YOUR INSTRUCTIONS. Your response to the data below should hold nothing except the lines from the one containing "Email Threat Isolation insulates" down to the one containing "In the case", reproduced exactly and without pictures.

:: MATERIAL FOR THIS EXERCISE

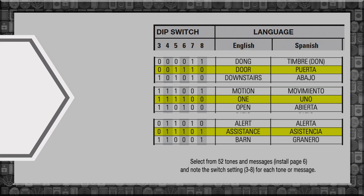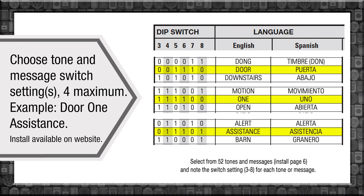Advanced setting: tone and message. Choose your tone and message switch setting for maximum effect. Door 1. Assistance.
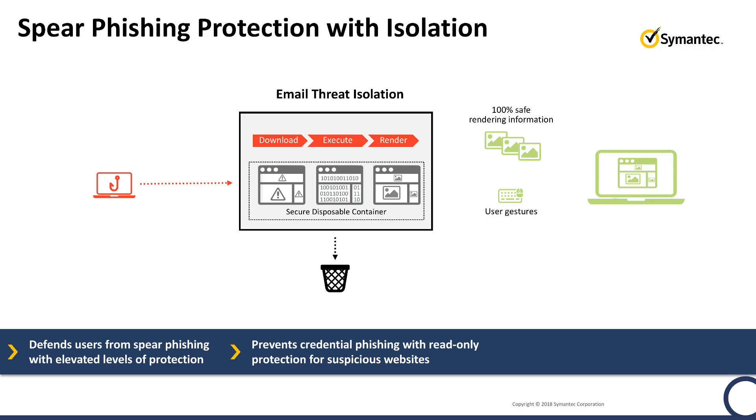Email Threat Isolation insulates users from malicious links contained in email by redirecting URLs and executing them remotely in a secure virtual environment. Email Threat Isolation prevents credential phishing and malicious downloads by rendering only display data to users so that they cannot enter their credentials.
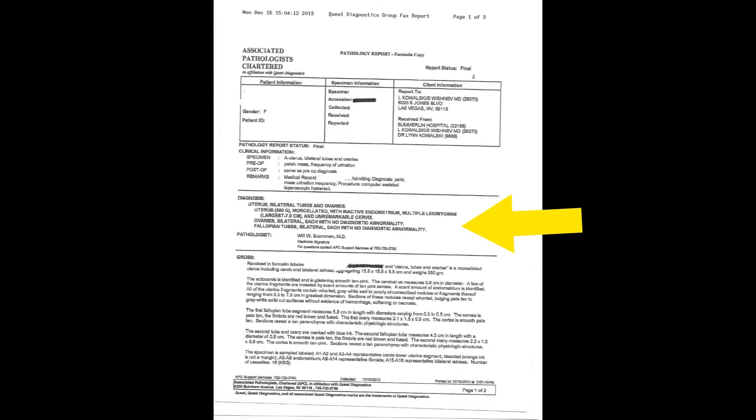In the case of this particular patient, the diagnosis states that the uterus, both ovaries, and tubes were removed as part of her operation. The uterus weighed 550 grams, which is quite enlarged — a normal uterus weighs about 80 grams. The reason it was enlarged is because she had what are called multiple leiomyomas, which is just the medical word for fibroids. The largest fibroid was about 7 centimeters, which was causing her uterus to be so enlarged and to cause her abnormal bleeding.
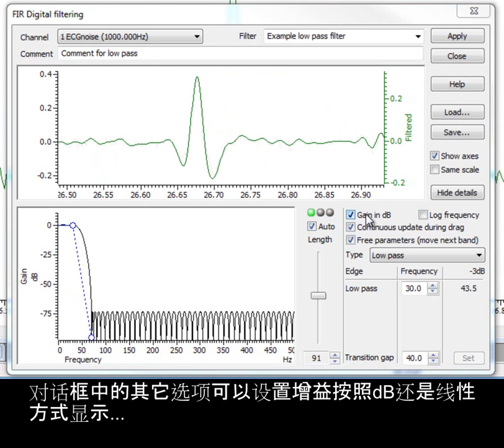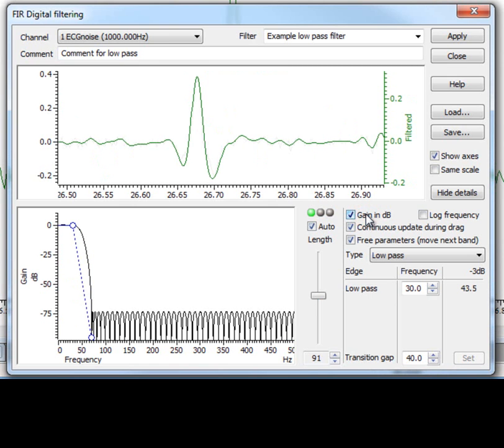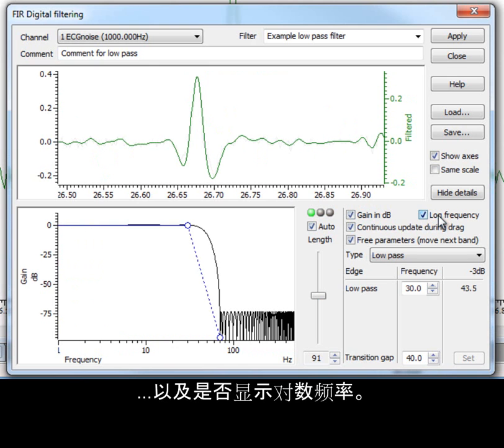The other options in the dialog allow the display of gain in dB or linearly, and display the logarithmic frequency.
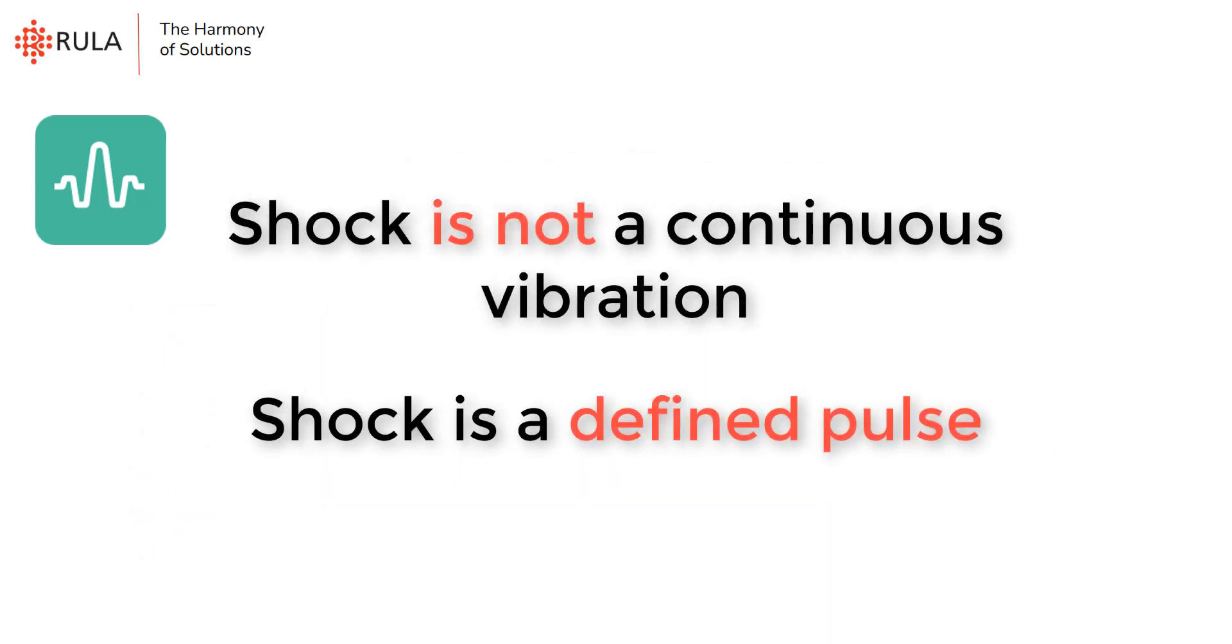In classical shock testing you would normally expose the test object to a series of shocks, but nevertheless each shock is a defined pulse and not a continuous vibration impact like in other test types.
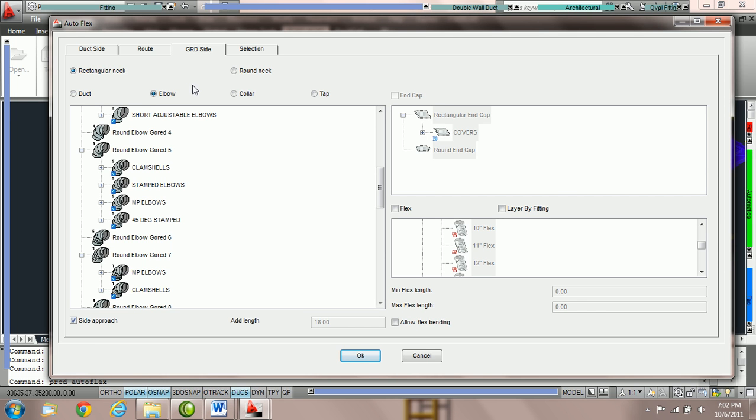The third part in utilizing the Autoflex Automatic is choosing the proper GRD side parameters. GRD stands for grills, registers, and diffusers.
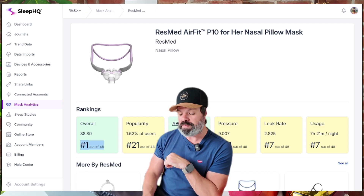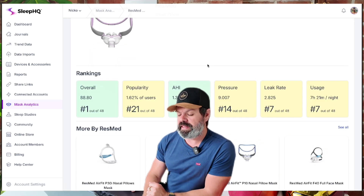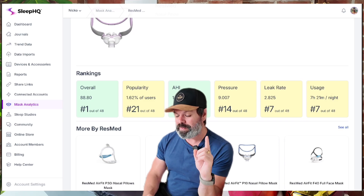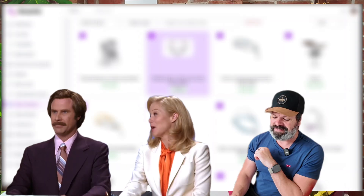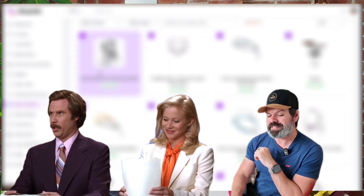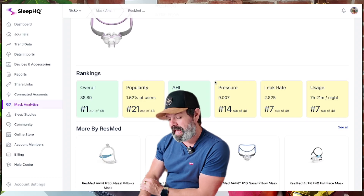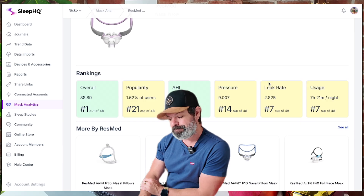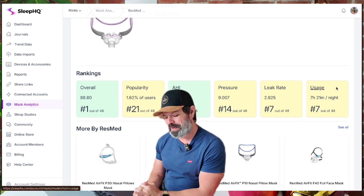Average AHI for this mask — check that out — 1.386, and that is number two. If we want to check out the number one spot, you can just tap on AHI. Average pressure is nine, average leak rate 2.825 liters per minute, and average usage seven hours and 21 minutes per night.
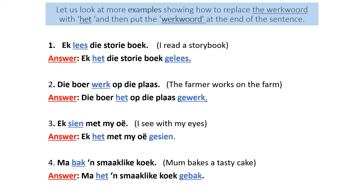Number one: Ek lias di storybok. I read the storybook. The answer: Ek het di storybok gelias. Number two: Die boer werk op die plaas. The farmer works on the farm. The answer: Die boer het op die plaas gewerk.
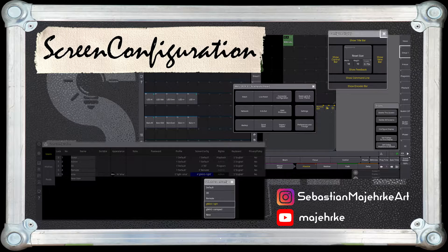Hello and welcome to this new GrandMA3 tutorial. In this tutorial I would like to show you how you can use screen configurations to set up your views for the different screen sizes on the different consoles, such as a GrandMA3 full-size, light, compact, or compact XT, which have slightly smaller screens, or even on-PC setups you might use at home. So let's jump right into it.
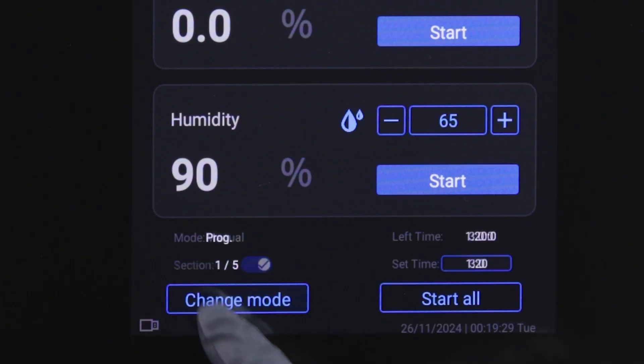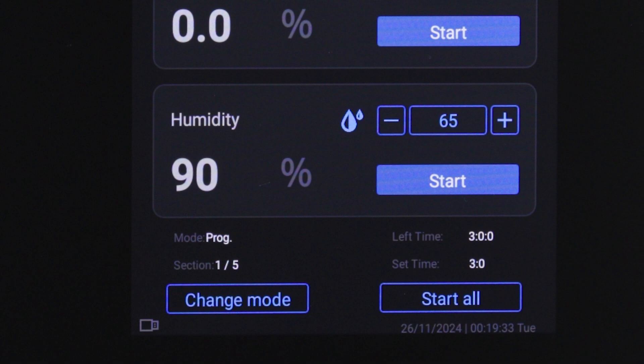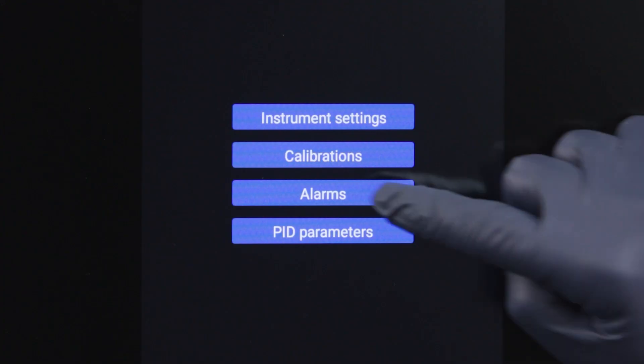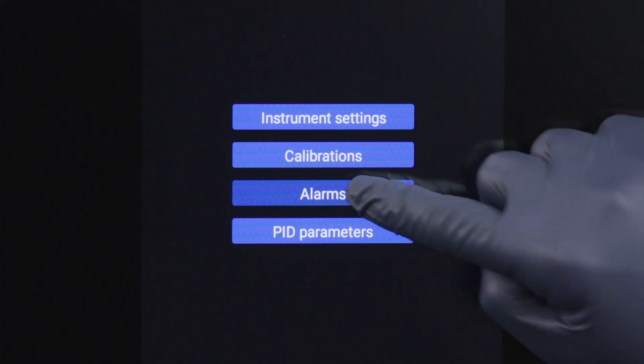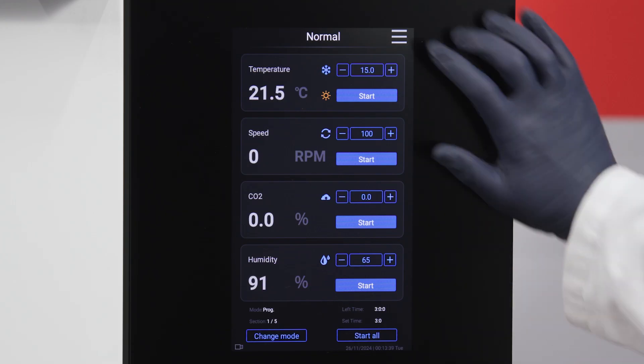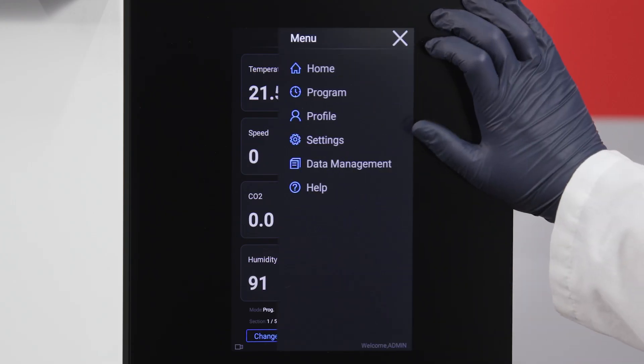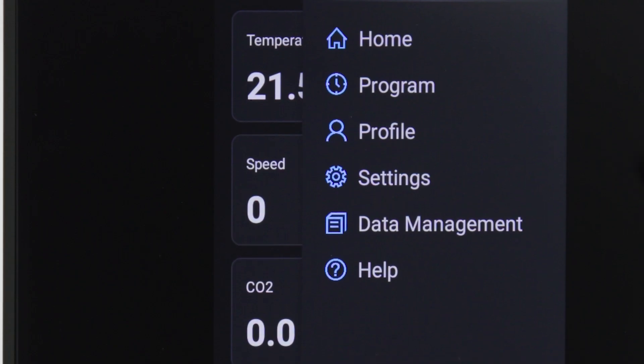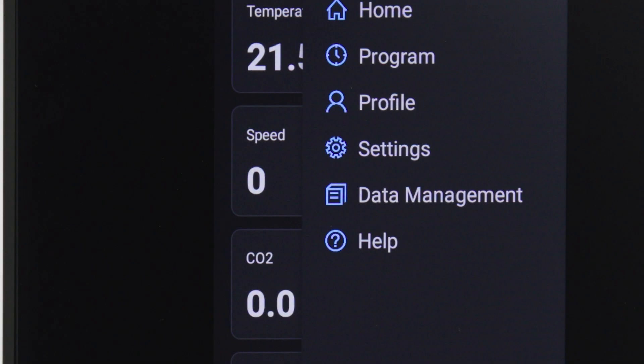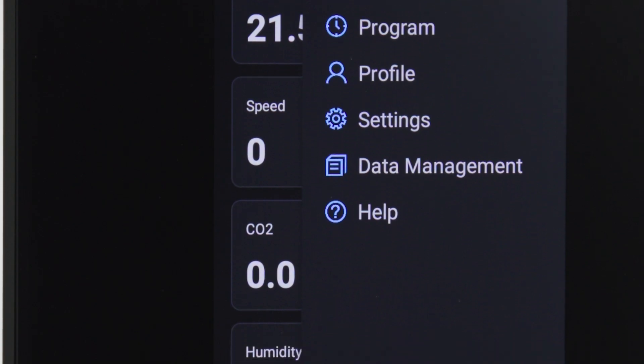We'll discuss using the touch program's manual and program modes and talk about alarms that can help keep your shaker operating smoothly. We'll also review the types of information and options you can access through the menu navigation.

::::

TASK OUTPUT.
Email Threat Isolation insulates users from malicious links contained in email by redirecting URLs and executing them remotely in a secure virtual environment. Email Threat Isolation prevents credential phishing and malicious downloads by rendering only display data to users so that they cannot enter their credentials.
In the case of this particular patient, the diagnosis states that the uterus, both ovaries, and tubes were removed as part of her operation. The uterus weighed 550 grams, which is quite enlarged — a normal uterus weighs about 80 grams. The reason it was enlarged is because she had what are called multiple leiomyomas, which is just the medical word for fibroids. The largest fibroid was about 7 centimeters, which was causing her uterus to be so enlarged and to cause her abnormal bleeding.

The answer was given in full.